In Prizzi's Honor Condon's normal exuberance is somewhat muted because the entire book is narrated through the viewpoints of the semi-literate underworld characters who populate it. Nevertheless, on the first page of the book, we have Don Corrado Prizzi, the 84-year-old leader of the family, attending a wedding:
He was asleep, but even in repose his face was as subtly distorted and burnished as that of a giant crown of thorns starfish predator. Every few moments both small, sharp eyes, as merry as ice cubes, would open, make a reading, then close again.

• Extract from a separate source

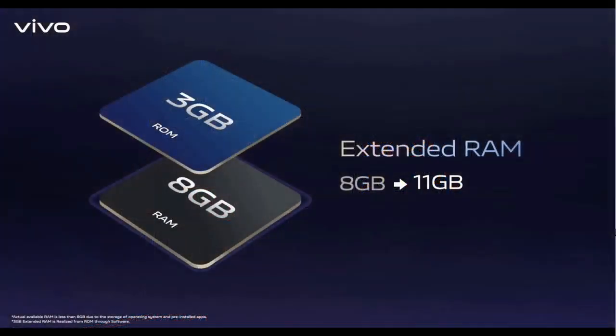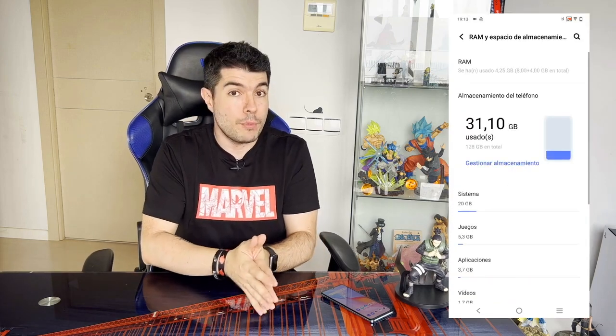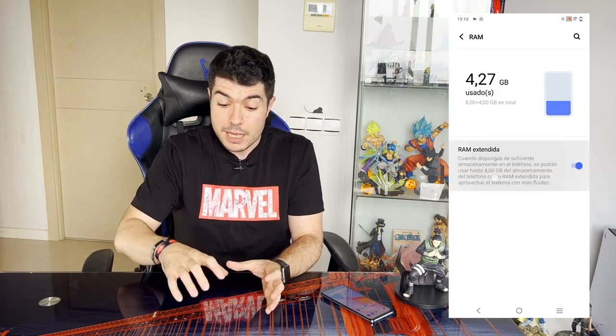Depending on the device, we can take different gigabytes from the internal memory to transform them into RAM, usually between 2 and 4, depending a bit on the brand. For a practical example, imagine we have a mobile phone with 4 gigabytes of RAM and 2 gigabytes of virtual RAM which are activated. If we open apps until those 4 gigabytes of RAM are full, what the phone will do is automatically take 2 gigabytes of internal memory and temporarily transform them into RAM memory and have a total of 6 gigabytes of RAM. So those 4 gigabytes that were full can expand and store more apps up to 2 gigabytes more, freeing up the phone so it doesn't lag or lock up.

==Real-life names in the book==
All of Condon's books have, to an unknown degree, the names of real people in them as characters, generally very minor or peripheral. The most common, which appears in most of his books, is some variation of Franklin M. Heller. The real-life Heller was a television director in New York City in the 1950s, '60s, and 70s, who initially lived on Long Island and then moved to a house on Rockrimmon Road in Stamford, Connecticut. In this book Marxie Heller plays a somewhat more important role than usual, being the husband of Charley's future wife, Irene, before being shot to death by Charley in the garage of Irene's Los Angeles home.

==Reception==
The New York Times gave it a very favorable long review, comparing it to Condon's previously best-known book, The Manchurian Candidate:
Of course, Mr. Condon is an old pro at mixing satire and suspense. Twenty years ago, he began a novel with an outlandish comic premise: Since Joe McCarthy couldn't have done more for the Communists if he had been one himself, suppose he had been? His answer to that question, The Manchurian Candidate, the first of what has been a long string of best sellers for Mr. Condon, was one of the finest thrillers of recent times and perhaps the most darkly amusing look ever at the McCarthy era. Prizzi's Honor also involves a humorous variation on a real-life theme... Twenty years after The Manchurian Candidate, it's nice to know that Mr. Condon is still up to his sly tricks. In his case, at least, it's a pleasure that - as he tells us an old Sicilian proverb has it - The less things change, the more they remain the same.

Kirkus Review, however, was far less charitable. After a long synopsis of the plot, it concluded:
Believable? Not really. Hilarious? Now and then in the opening chapter--with the portrait of likable/dumb/lethal Charley and his reactions to Irene's secret life (""What a business for a woman!""). But all too soon the lovers' matter-of-fact murdering becomes sick instead of offbeat, while Condon's cheerful non-stop vulgarity shifts from gritty to gross. And, though intermittently inspired in its low-life linguistics, this rather slow-paced, loose-plotted farce/melodrama succeeds neither as dog-eat-dog black comedy nor as Mafioso thriller/romance.